Unless the SMTP server uses windows authentication you won’t be able to use the Email Tool, as SSL and TLS are not yet supported through the tool. You can, however, look into other approaches to sending emails in the Designer that can accommodate those requirements.
If not, do you have the required ports open in your network firewall? You can check with your IT team for port numbers and statuses, but the default ports you can check yourself are usually 25, 445, 465, 587, and 993:
You can check to see if a server and port are open using the Telnet utility; if you have Telnet installed, open the command prompt and simply type telnet.
If you do not see the second prompt above then you’ll have to install a Telnet/SSH third party client like PuTTY.

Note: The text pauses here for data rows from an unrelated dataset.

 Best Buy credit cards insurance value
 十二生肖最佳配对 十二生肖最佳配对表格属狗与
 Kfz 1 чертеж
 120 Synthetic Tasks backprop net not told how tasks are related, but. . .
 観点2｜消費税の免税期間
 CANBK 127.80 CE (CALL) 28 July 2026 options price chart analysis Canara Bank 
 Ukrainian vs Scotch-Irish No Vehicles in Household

From either the Telnet prompt or client, you can open a connection to the server and port to test:
In Telnet, connect to the server and port using the command below.
In PuTTY, opening the port will look like the following.

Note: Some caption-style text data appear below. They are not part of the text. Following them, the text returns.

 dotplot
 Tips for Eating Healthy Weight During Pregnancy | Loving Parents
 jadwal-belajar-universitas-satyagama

Either approach will then send you to the following prompt.
Then use these commands ( <CRLF> is the enter key ) to send a test email that, if received, will indicate that your port is open.
HELO <CRLF> mail from:<mail from address> <CRLF> rcpt to:<mail to address> <CRLF> data< CRLF> subject:<email subject here><CRLF> <CRLF> <type the body of the message here> <CRLF> . <CRLF>
To send the email, you must end the body by hitting the enter key (<CRLF>), then period, then enter again (please note that after specifying your subject you must also press the enter key twice – not doing may neglect the message body argument). The test should look something like the below:
If the email sends and the mail to address confirms receipt, then your port is open. Otherwise, you should receive an error that should help your IT team diagnose why the traffic is being blocked.
Use the steps above to determine likely causes for the error and you’ll be able to take steps to get the Email Tool unrestricted in your network. Once that happens, bid adieu to whatever repetitious emails you might have to send in the future!